La Suprema Corte confermata l’accusa di violenza sessuale a carico di una giovane che incitava a riprendere col telefonino gli abusi a un disabile.
Il caso si riferisce agli abusi a cui un gruppo di una decina di persone ha costretto un ragazzo disabile.
È finita nei guai una 23enne di Lamezia Terme. La Cassazione ha confermati nei sui confronti l’accusa di violenza sessuale di gruppo ai danni di un ragazzo disabile. La giovane, secondo l’accusa, avrebbe presenziato durante uno degli abusi, avvenuti in Calabria, ai danni del disabile. Protagonisti delle violenze una decina di ragazzi, tra i quali due minorenni e una ragazza, che avrebbero anche ripreso col cellulare e diffuso sul web o video degli abusi. La 23enne, pur non avendo preso direttamente parte agli abusi, è stata identificata perché la si sente nitidamente pronunciare queste parole nel video: «Troppo forte raga quell’altro gli sta facendo pure il video».

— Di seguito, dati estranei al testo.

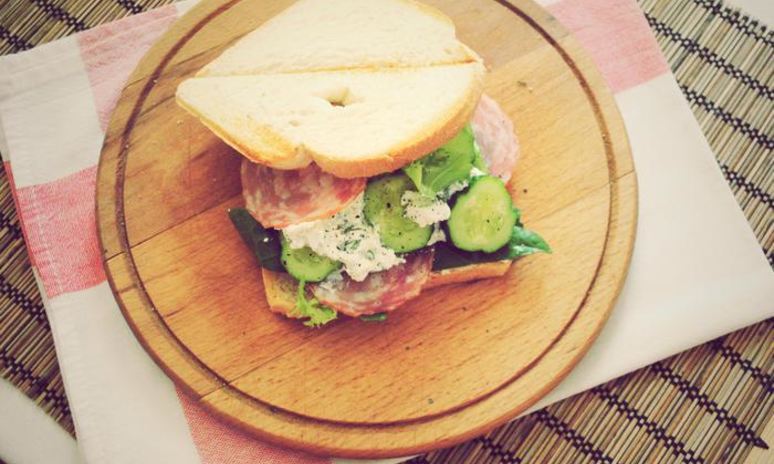 Рецепт утреннего сэндвича с огурцом, салями и фетой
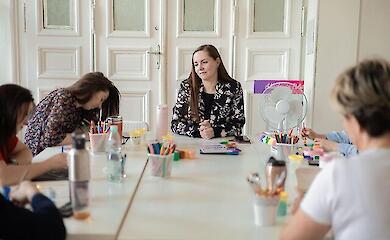 Zajęcia z arteterapii grupowej dla Ukrainek w Łodzi. Prowadząca: Iryna Samoliuk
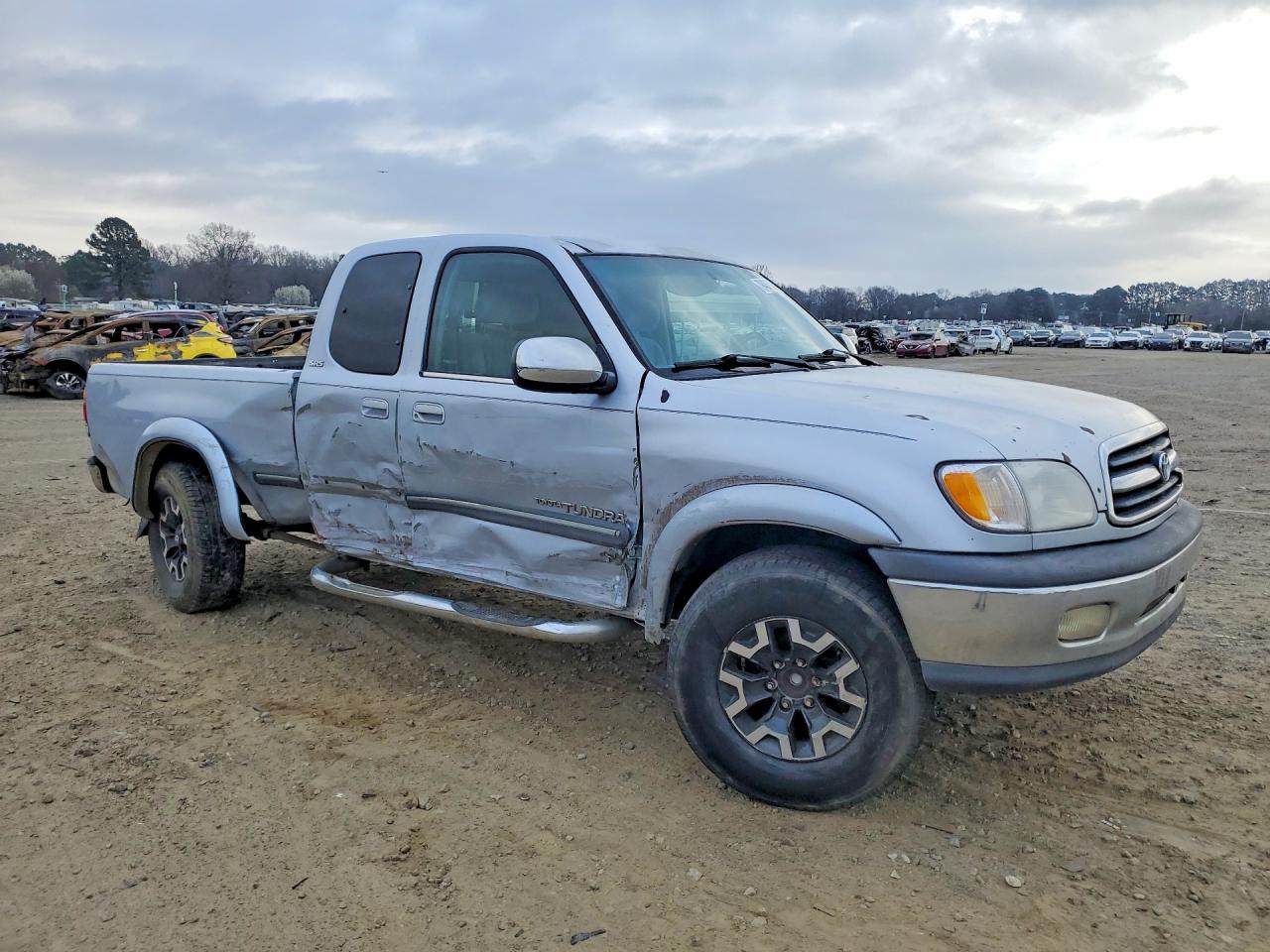 2000 TOYOTA TUNDRA SR5 photo 4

L’avvocato della giovane, Antonio Larussa, ha fatto ricorso alla Suprema Corte contro la configurabilità dell’accusa di stupro di gruppo. A suo avviso infatti il comportamento della giovane donna – della quale non è certa, a suo dire, la presenza al momento della violenza ai danni del disabile – non era «di istigazione» ma al massimo si era trattato di «una mera adesione morale a un progetto criminoso altrui, come tale penalmente irrilevante».
Il parere della Suprema Corte
Di parere diverso la Cassazione, per la quale «l’indagata è chiamata a rispondere non di concorso in violenza sessuale di gruppo, ma di violenza sessuale di gruppo». Il reato infatti non comporta «la necessità che ciascun compartecipe ponga in essere una attività tipica di violenza sessuale», è sufficiente che sia uno solo del gruppo a mettere in atto o a o minacciare la violenza. «In altri termini – spiega la Suprema Corte – la realizzazione di un contributo ‘morale’, da parte del concorrente nel reato che non realizza l’azione tipica», ovvero la violenza vera e propria, e che si trova «sul luogo e nel momento del fatto» costituisce «una condotta di ‘partecipazione’ punita direttamente ai sensi dell’art.609 octies del codice penale».
Per quel che riguarda la presunta assenza della 23enne, per i giudici si tratta soltanto di una «diversa valutazione dei dati probatori» da parte della difesa. Per la Cassazione – che ha confermato per la 23enne l’obbligo di firma stabilito il 29 marzo dal Tribunale di Catanzaro – con la frase che ha pronunciato, la giovane «non solo non si è dissociata dalla condotta realizzata» da uno del gruppetto, «condotta che era ancora in corso posto che in quel momento si stava registrando il video», «ma ha rafforzato nei confronti di costui, l’intento di usare violenza alla persona offesa peraltro portatore di deficit cognitivo».
Ad accorgersi del video che circolava in rete sono stati i familiari della vittima, rivolgendosi poi ai Carabinieri. In totale sono partite una decina di misure cautelari.